Harsha Gurram

Did you always know that you wanted to study Space Physics?

In a nutshell, the answer is no. As a child, I was always fascinated by the night sky, planets, and space in general, and I felt an irresistible pull toward the unknown. I did not always know that I would study space physics, but I always knew that I wanted to push boundaries. For as long as I can remember, I have been captivated by the mysteries beyond our planet. My earliest dream was to become a rocket scientist and design propulsion systems that could break Earth’s boundaries and carry us to distant worlds. That passion led me to pursue Aerospace Engineering, where I immersed myself in propulsion at every opportunity, carefully shaping my academic path through electives and projects that aligned with my vision.

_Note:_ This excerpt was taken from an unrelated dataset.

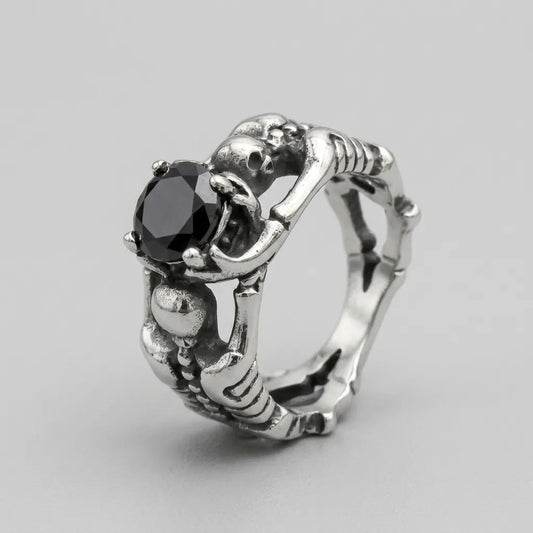 Twin Skeleton Embrace Black Gem Ring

During a spacecraft propulsion course, I encountered plasma propulsion for the first time, including concepts such as ion thrusters and magnetohydrodynamic engines—methods of moving spacecraft using electrically charged gas rather than burning conventional fuel. The subject fascinated me, but it was only briefly covered, and no specialized course existed in my department. Determined to learn more, I sought guidance from senior students and eventually connected with a professor in Electrical Engineering who introduced me to plasma physics and Particle-in-Cell (PIC) simulations. PIC is a computer-based method in which particles such as electrons and ions—the building blocks of plasma—are treated as individual entities that move through electric and magnetic fields on a fixed background grid. This mentorship culminated in my B.Tech dissertation on grid generation for ion thruster studies, strengthening my resolve to pursue a PhD in space propulsion.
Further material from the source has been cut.